> [The problem]
Leaving out all images, write out the records that follow exactly.

##### Records supplied

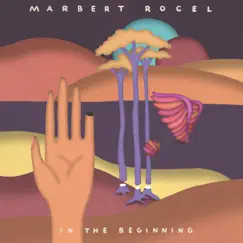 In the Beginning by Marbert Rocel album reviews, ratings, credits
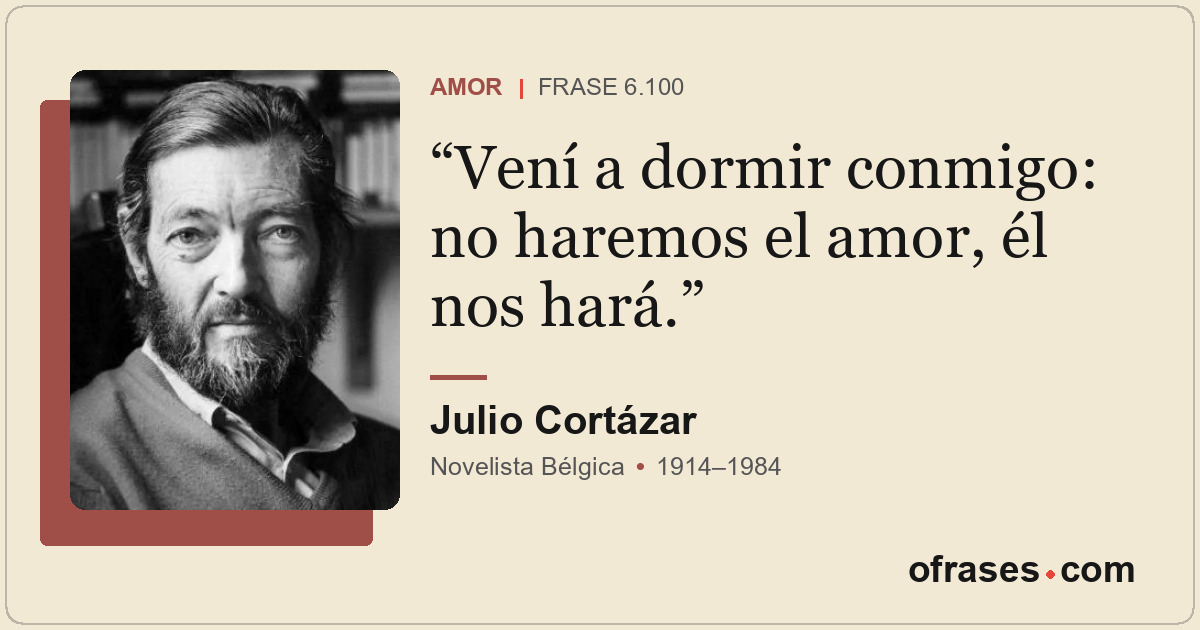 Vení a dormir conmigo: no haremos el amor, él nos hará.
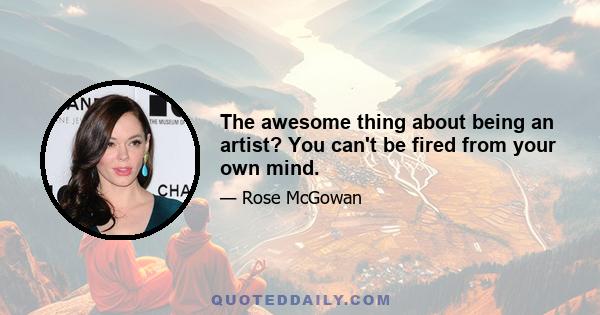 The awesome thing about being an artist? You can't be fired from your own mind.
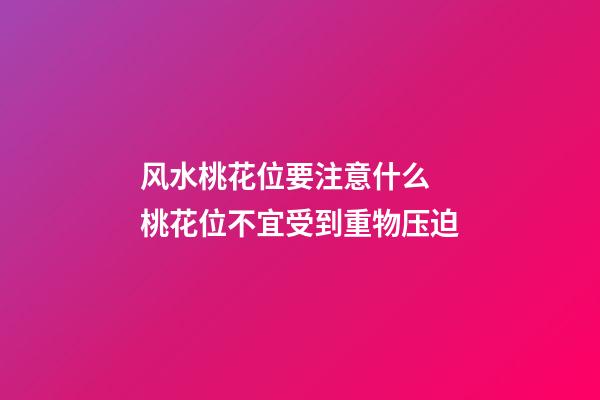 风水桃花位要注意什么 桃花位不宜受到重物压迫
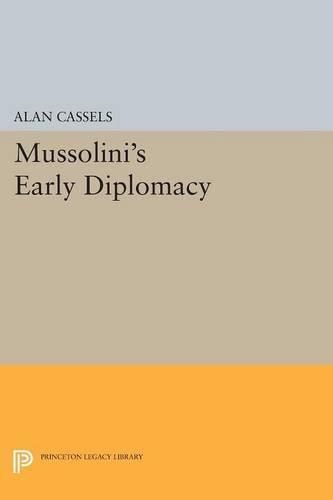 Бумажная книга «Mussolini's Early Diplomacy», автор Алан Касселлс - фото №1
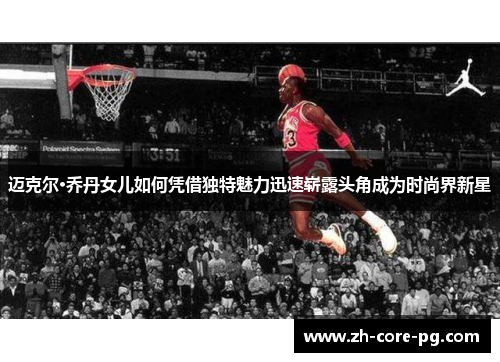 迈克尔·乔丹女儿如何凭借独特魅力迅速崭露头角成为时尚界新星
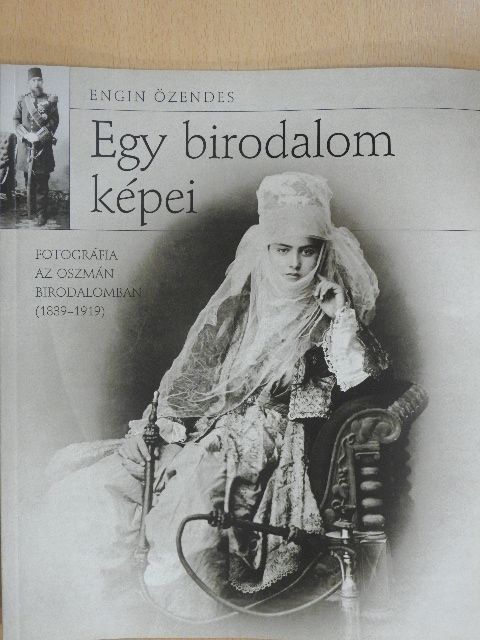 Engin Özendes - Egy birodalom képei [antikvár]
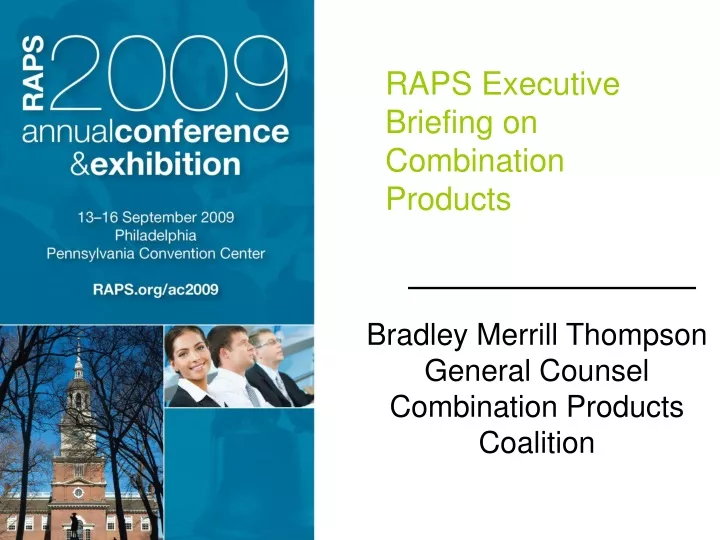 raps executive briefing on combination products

##########

> [Your solution]
 In the Beginning by Marbert Rocel album reviews, ratings, credits
 Vení a dormir conmigo: no haremos el amor, él nos hará.
 The awesome thing about being an artist? You can't be fired from your own mind.
 风水桃花位要注意什么 桃花位不宜受到重物压迫
 Бумажная книга «Mussolini's Early Diplomacy», автор Алан Касселлс - фото №1
 迈克尔·乔丹女儿如何凭借独特魅力迅速崭露头角成为时尚界新星
 Engin Özendes - Egy birodalom képei [antikvár]
 raps executive briefing on combination products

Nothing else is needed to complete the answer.